* Required action
Pictures excluded, copy every record that follows exactly as it appears.

• • •

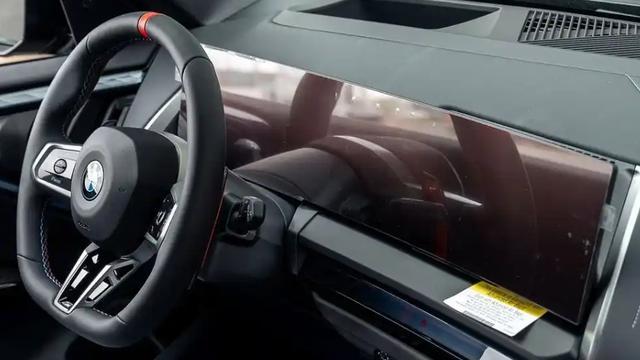 全新宝马X3，黑化外观+运动套件，搭载3.0T+48V轻混，运动感十足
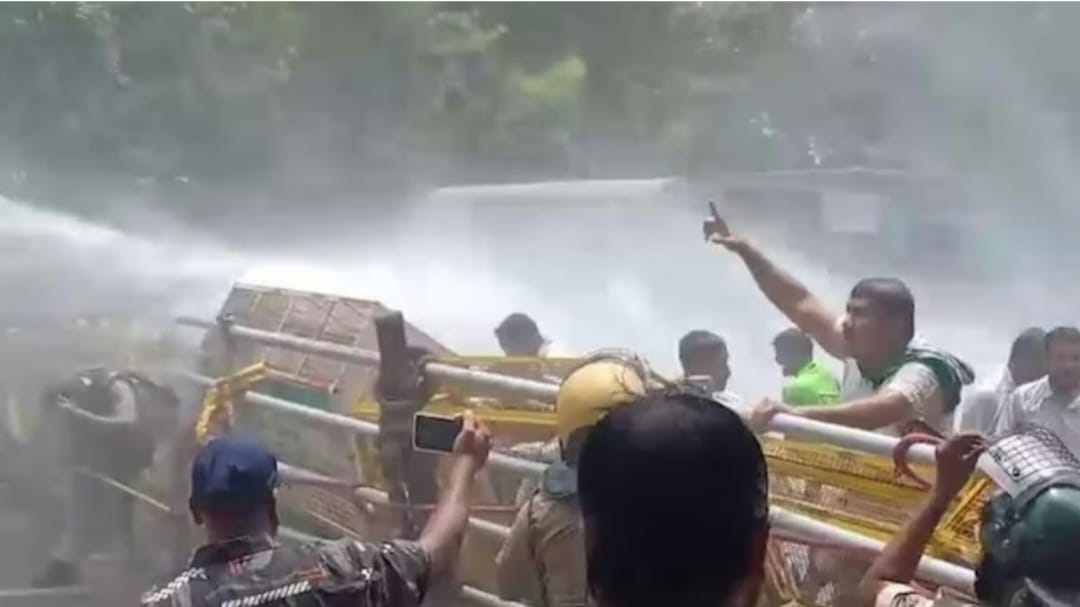 ओडिशा  छात्रा की मौत के बाद उग्र प्रदर्शन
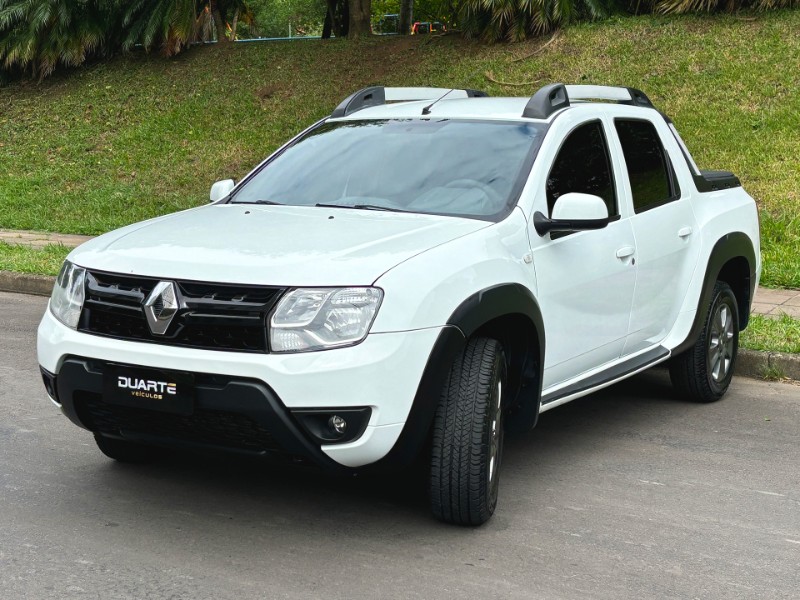 RENAULT DUSTER OROCH DYNAMIQUE 2.0 16V AT 2019 2018/2019 DUARTE VEÍCULOS PORTO ALEGRE / Carros no Vale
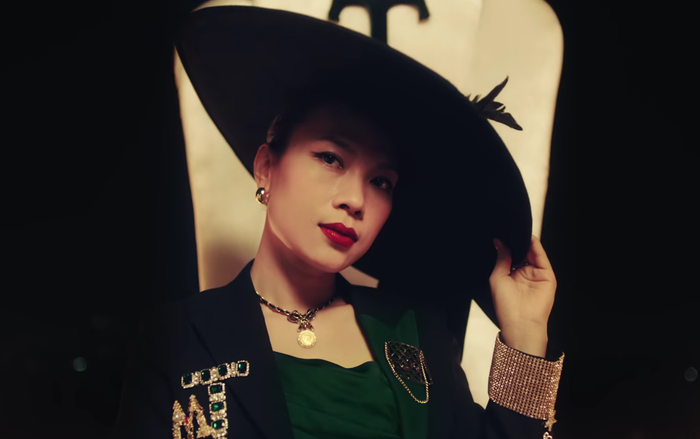 Mỹ Tâm tái xuất với ca khúc đậm chất Latin, khoe vũ đạo trườn bò trên bàn tiệc nóng bỏng nghẹt thở Ảnh 2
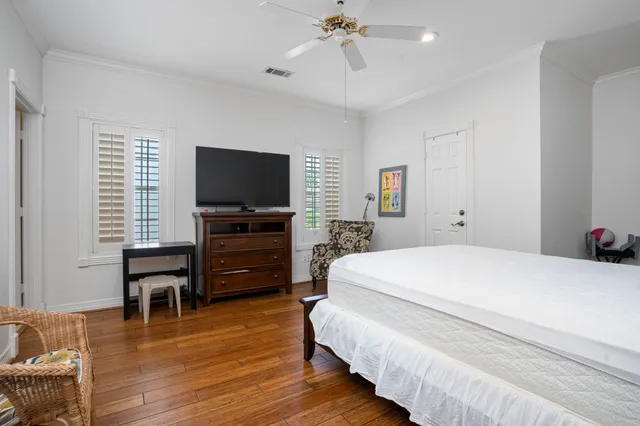 $888,000 | 1211 Nantucket Drive, Unit C, Houston, TX 77057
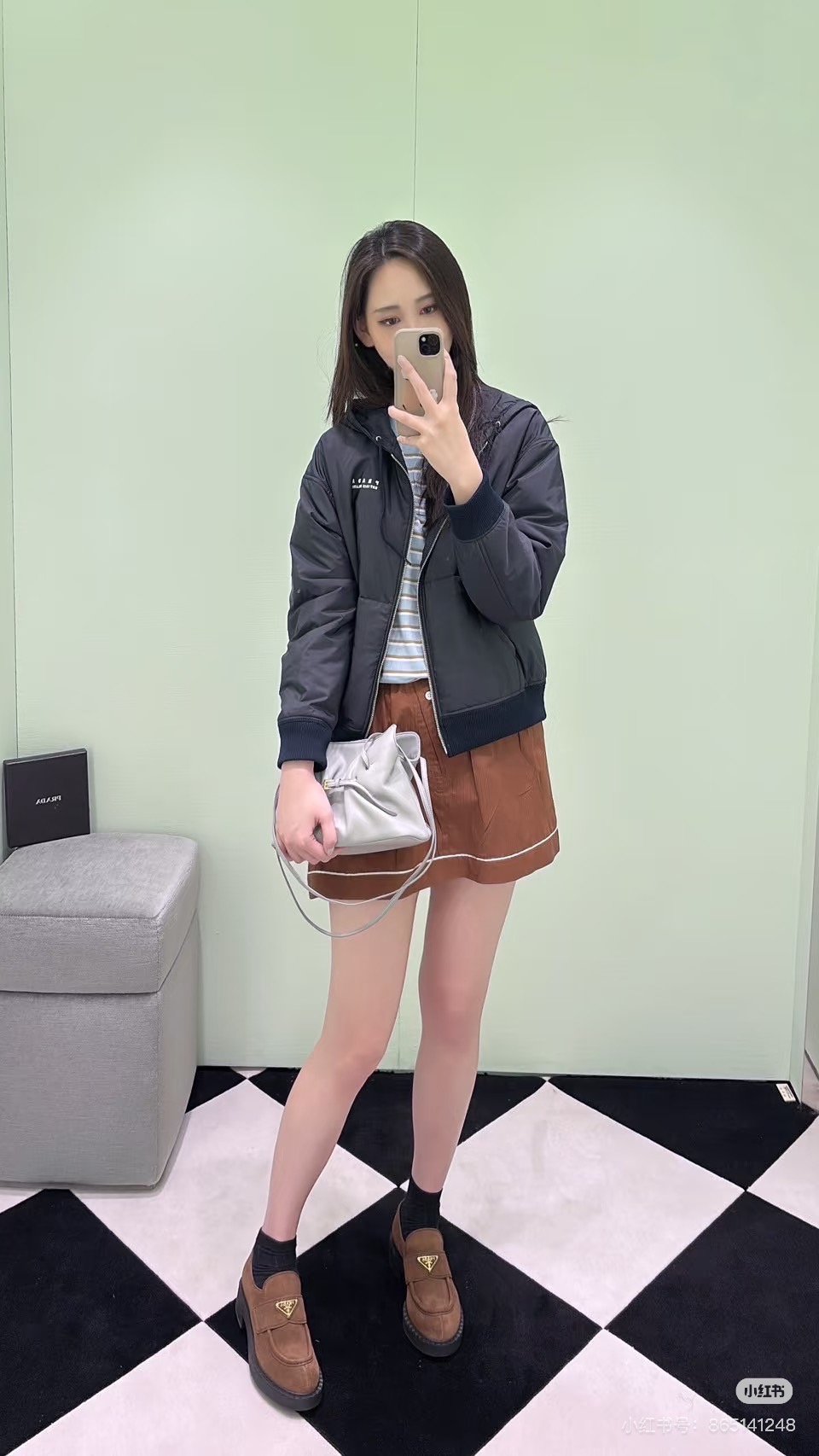 NO:686736,,,19860909,,,Women's clothing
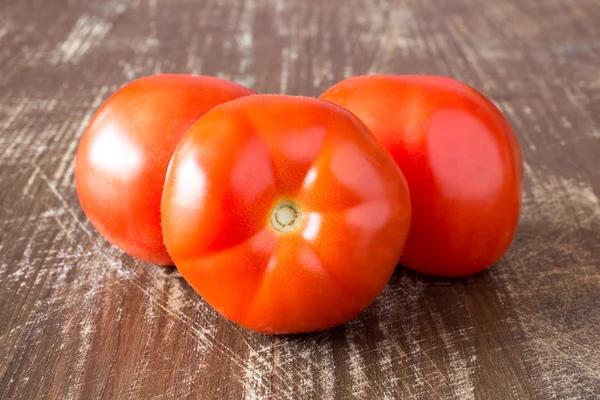 Três tomates vermelhos. — Fotografia de Stock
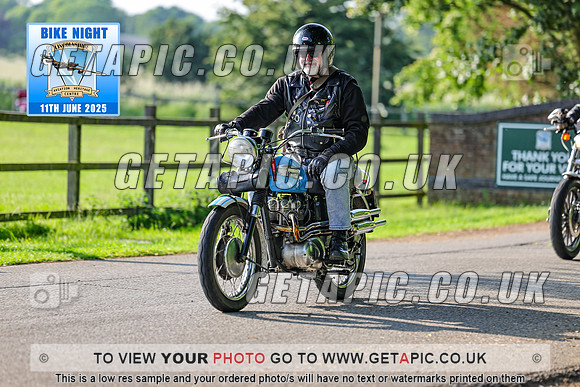 PR2506-05182_LOGO_ON_PHOTO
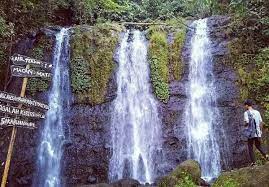 Keindahan air terjun grenjengan ini bukan hanya pada jatuhnya air dari atas, tapi dinding tebing yang tersusunan dari batu alam dalam bentuk lempengan alamatnya berada di sumber, sumbersari, kayen, kabupaten pati secara umum air terjun ini bentuknya agak ga biasa karena cukup landai. Destinasi 12 Curug Air Terjun Di Jepara Jawa Tengah Yang Nge Hits Dan Populer Ruangdiary Com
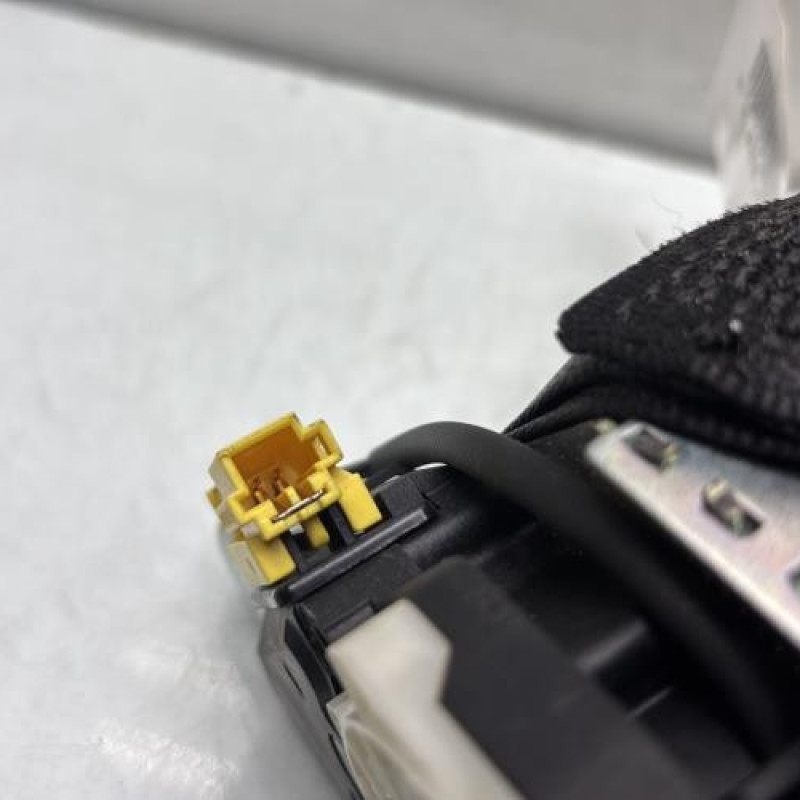 Pretensionneur de ceinture arriere gauche MERCEDES CLASSE C 204 Photo n°3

• • •

* Solved exercise
 全新宝马X3，黑化外观+运动套件，搭载3.0T+48V轻混，运动感十足
 ओडिशा  छात्रा की मौत के बाद उग्र प्रदर्शन
 RENAULT DUSTER OROCH DYNAMIQUE 2.0 16V AT 2019 2018/2019 DUARTE VEÍCULOS PORTO ALEGRE / Carros no Vale
 Mỹ Tâm tái xuất với ca khúc đậm chất Latin, khoe vũ đạo trườn bò trên bàn tiệc nóng bỏng nghẹt thở Ảnh 2
 $888,000 | 1211 Nantucket Drive, Unit C, Houston, TX 77057
 NO:686736,,,19860909,,,Women's clothing
 Três tomates vermelhos. — Fotografia de Stock
 PR2506-05182_LOGO_ON_PHOTO
 Keindahan air terjun grenjengan ini bukan hanya pada jatuhnya air dari atas, tapi dinding tebing yang tersusunan dari batu alam dalam bentuk lempengan alamatnya berada di sumber, sumbersari, kayen, kabupaten pati secara umum air terjun ini bentuknya agak ga biasa karena cukup landai. Destinasi 12 Curug Air Terjun Di Jepara Jawa Tengah Yang Nge Hits Dan Populer Ruangdiary Com
 Pretensionneur de ceinture arriere gauche MERCEDES CLASSE C 204 Photo n°3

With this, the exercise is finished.